Entering the plane, I find two seating areas to my left and right, each with a seat facing each other, and farther down the row is a restaurant style booth and a mini bar. I turn to face Jensen and gasp as I find myself toe-to-toe with him, my hand flattening on his chest just as it had last night.

I suck in air and snatch it away, not daring to make eye contact. “Where’s the bathroom? Front or back of the plane?”

“Back of the plane,” he tells me, and there is a hint of amusement to his voice that tells me my reaction to our touch is far more transparent than I want it to be with a man who’s made me off limits.

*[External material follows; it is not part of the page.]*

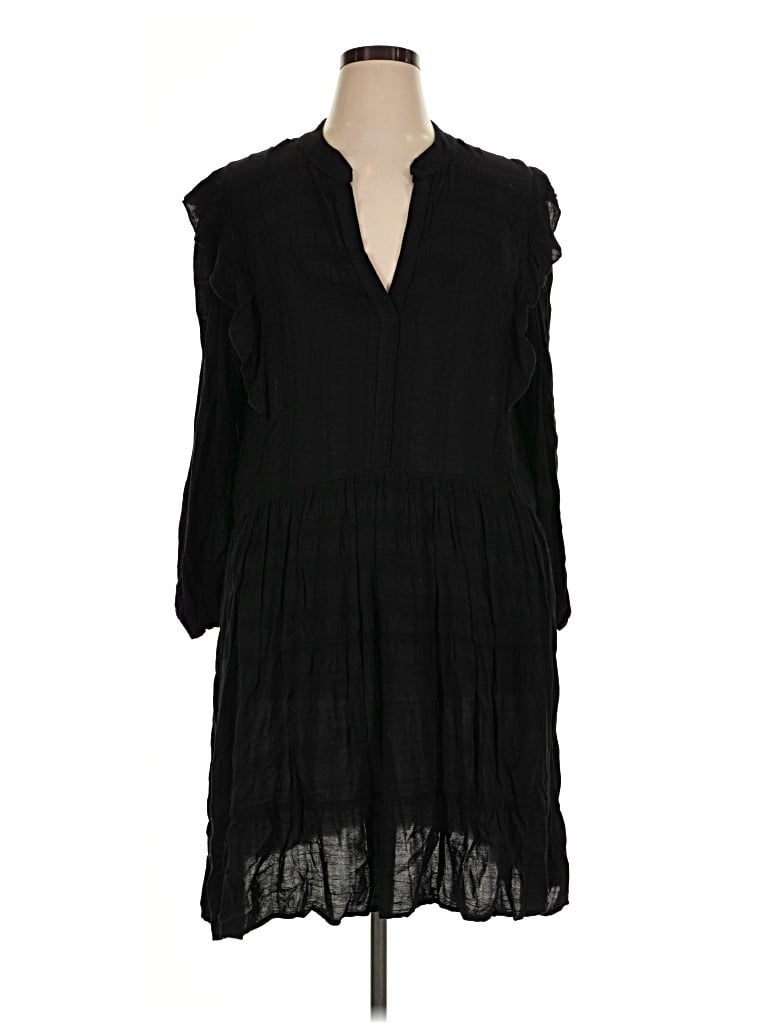 Pre-owned Amadi Casual Dress In Black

“Thanks,” I murmur, rotating to drop my briefcase on the seat to my right. Rushing down the slim aisle, I dig out my cell phone from my purse as I walk and the instant I’m inside the tiny bathroom stall, I dial Katie. Frustratingly, the call goes direct to voice mail and I quickly send her a detailed text. I stare at the screen and will her to reply, giving up after a full minute of nothingness.